### [WHAT IS BEING ASKED]
An exact copy is the goal: every line from the one containing "So this is just" to the end of the material below, pictures excluded.

### [COLLECTED MATERIAL]
───

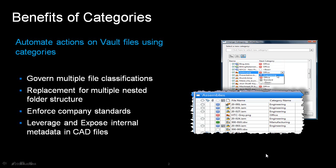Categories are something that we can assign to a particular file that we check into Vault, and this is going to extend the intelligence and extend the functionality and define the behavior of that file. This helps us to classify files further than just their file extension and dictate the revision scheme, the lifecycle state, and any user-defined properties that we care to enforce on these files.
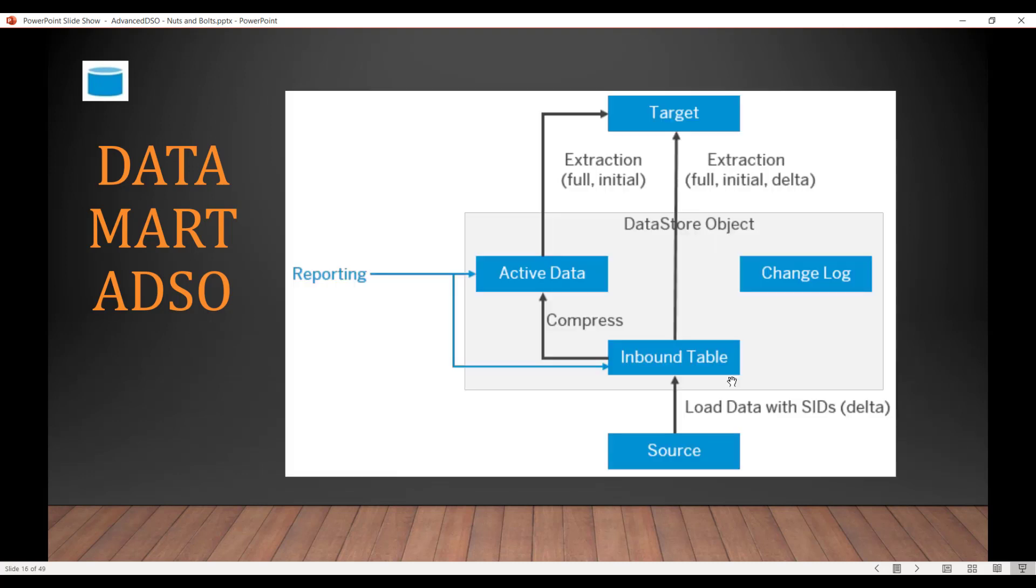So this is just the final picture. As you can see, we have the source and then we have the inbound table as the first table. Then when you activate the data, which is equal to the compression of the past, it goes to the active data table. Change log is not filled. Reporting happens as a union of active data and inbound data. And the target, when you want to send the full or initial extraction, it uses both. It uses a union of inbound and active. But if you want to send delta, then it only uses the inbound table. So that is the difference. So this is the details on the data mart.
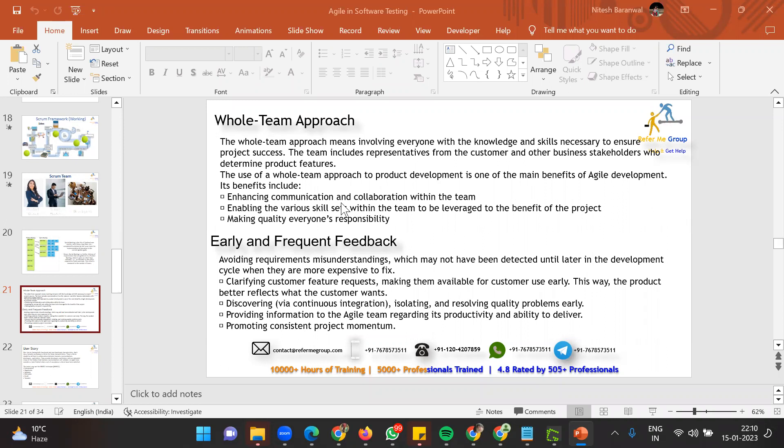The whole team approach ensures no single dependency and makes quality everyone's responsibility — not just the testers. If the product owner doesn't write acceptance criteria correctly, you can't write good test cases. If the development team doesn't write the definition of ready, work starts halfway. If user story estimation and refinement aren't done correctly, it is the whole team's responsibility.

───

### [EXERCISE RESULT]
So this is just the final picture. As you can see, we have the source and then we have the inbound table as the first table. Then when you activate the data, which is equal to the compression of the past, it goes to the active data table. Change log is not filled. Reporting happens as a union of active data and inbound data. And the target, when you want to send the full or initial extraction, it uses both. It uses a union of inbound and active. But if you want to send delta, then it only uses the inbound table. So that is the difference. So this is the details on the data mart.
The whole team approach ensures no single dependency and makes quality everyone's responsibility — not just the testers. If the product owner doesn't write acceptance criteria correctly, you can't write good test cases. If the development team doesn't write the definition of ready, work starts halfway. If user story estimation and refinement aren't done correctly, it is the whole team's responsibility.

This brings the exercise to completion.